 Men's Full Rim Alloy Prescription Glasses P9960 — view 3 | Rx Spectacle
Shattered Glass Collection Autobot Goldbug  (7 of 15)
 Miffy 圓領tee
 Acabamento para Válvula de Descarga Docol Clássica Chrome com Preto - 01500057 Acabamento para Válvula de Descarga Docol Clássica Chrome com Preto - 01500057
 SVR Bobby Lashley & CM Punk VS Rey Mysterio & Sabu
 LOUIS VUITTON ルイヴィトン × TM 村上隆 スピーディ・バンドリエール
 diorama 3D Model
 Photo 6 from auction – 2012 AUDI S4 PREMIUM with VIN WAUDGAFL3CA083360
--
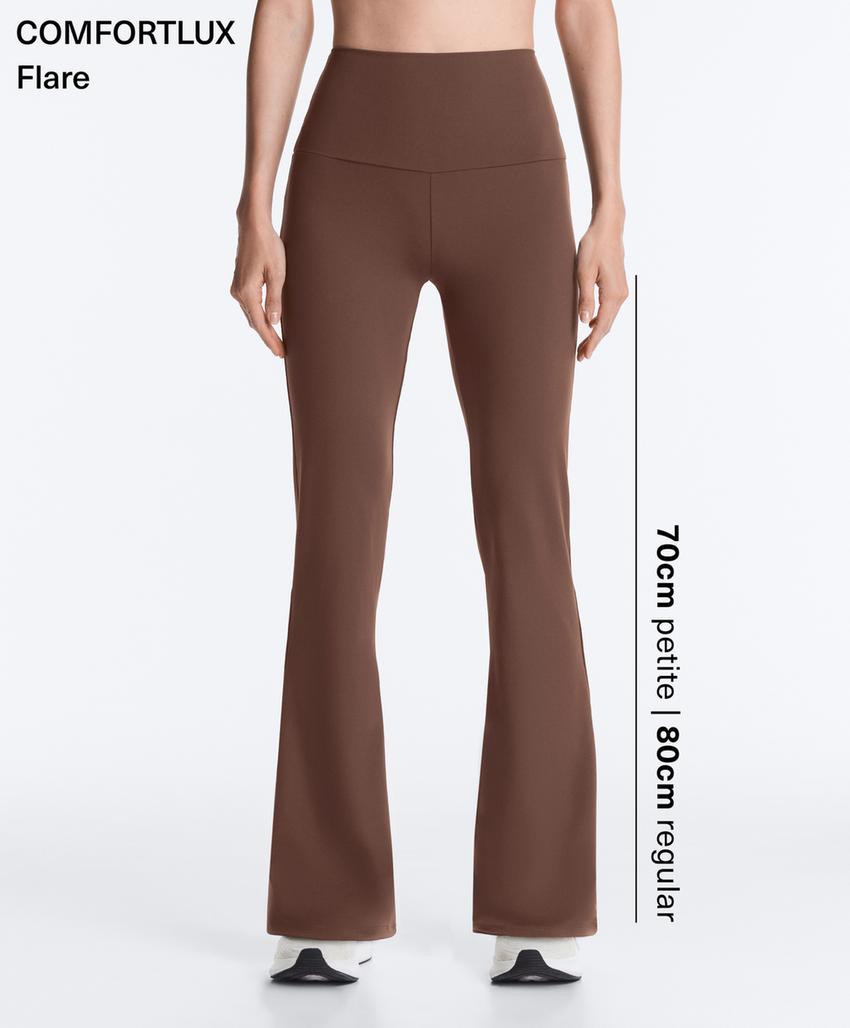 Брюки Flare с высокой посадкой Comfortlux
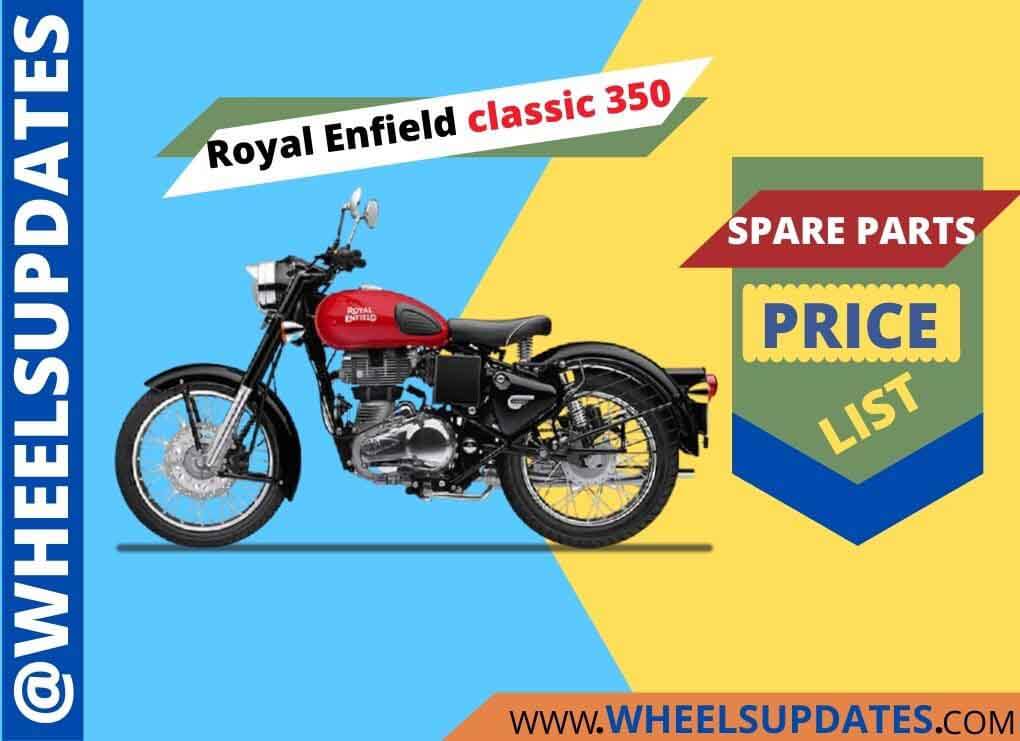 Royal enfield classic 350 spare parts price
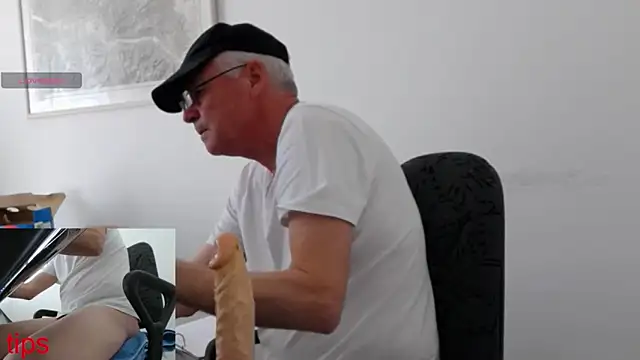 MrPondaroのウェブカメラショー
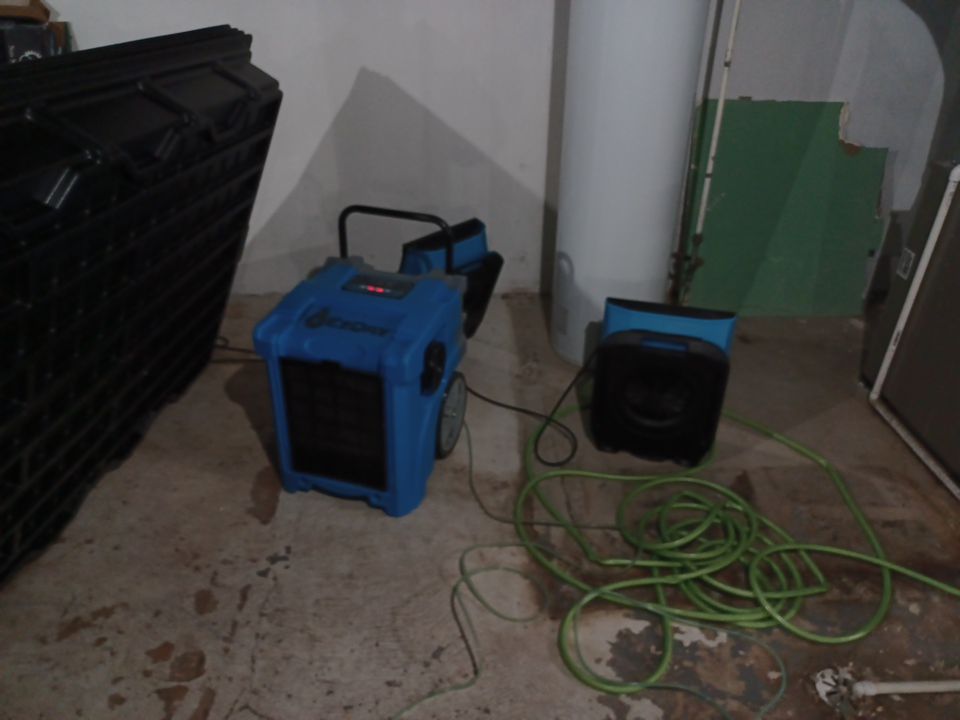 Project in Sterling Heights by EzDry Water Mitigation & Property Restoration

=== Problem details ===
The answer is the lines of the material above, from the one containing "MrPondaroのウェブカメラショー" down to the one containing "Project in Sterling", given exactly and without images.

=== Task response ===
 MrPondaroのウェブカメラショー
 Project in Sterling Heights by EzDry Water Mitigation & Property Restoration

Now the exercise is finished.